I think I know how to calculate the number of 8-digit passwords with 1 digit or 1 symbol.
The sets are lowercase (26), uppercase (26), symbols (32), digits(10). That means there are $(26 + 26 +32 + 10)^8 = 94^8$ total passwords and I just have to remove the all letter combinations $(52)^8$, so $94^8 – 52^8$.

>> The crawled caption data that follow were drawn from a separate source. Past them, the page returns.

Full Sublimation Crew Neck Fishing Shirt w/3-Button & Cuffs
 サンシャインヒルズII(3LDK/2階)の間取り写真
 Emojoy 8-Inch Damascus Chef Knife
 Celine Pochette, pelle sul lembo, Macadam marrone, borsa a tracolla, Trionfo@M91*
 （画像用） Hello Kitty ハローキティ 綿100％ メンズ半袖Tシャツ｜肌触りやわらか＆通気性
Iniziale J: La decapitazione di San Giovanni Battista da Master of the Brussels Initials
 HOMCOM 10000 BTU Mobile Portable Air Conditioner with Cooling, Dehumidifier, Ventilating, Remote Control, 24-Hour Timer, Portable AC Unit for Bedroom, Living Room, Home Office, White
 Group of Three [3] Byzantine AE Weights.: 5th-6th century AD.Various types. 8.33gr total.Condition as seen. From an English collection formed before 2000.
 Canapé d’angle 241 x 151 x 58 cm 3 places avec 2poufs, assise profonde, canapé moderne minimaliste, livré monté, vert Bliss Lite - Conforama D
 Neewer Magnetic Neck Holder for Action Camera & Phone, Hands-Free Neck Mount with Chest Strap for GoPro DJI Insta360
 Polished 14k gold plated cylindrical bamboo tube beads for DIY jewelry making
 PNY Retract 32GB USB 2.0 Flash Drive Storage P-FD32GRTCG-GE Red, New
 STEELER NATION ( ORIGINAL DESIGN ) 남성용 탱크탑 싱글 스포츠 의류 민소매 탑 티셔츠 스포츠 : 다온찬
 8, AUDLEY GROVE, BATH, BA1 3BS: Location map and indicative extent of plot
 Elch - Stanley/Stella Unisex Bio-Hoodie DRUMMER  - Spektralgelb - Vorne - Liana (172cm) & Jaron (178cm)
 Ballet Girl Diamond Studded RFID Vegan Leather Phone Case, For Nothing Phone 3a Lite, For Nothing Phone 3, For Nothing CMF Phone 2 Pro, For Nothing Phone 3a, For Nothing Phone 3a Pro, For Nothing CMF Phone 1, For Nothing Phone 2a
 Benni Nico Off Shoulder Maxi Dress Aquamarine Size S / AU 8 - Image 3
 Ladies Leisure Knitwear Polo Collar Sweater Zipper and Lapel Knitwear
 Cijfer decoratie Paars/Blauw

For the number of passwords with a digit and a number, I am confused.
All Combos: $94^8$
All Letters: $52^8$
Letters + Digits: $62^8$
Letters + Symbols: $84^8$
I think I need inclusion/exclusion. I know that I am removing too many numbers, if I just subtract $94^8 – 52^8 – 62^8 – 84^8$, but I'm not sure how to build the intersections.
Best Answer
The passwords which aren't allowed are:
i) those with no symbol, but at least one digit: there are $62^n-52^n$ of these
ii) those with no digit, but at least one symbol: there are $84^n-52^n$ of these
iii) those with no digits or symbols: there are $52^n$ of these.
Overall, therefore, $62^n-52^n+84^n-52^n+52^n=62^n+84^n-52^n$ aren't allowed, so $94^n-84^n-62^n+52^n$ are allowed.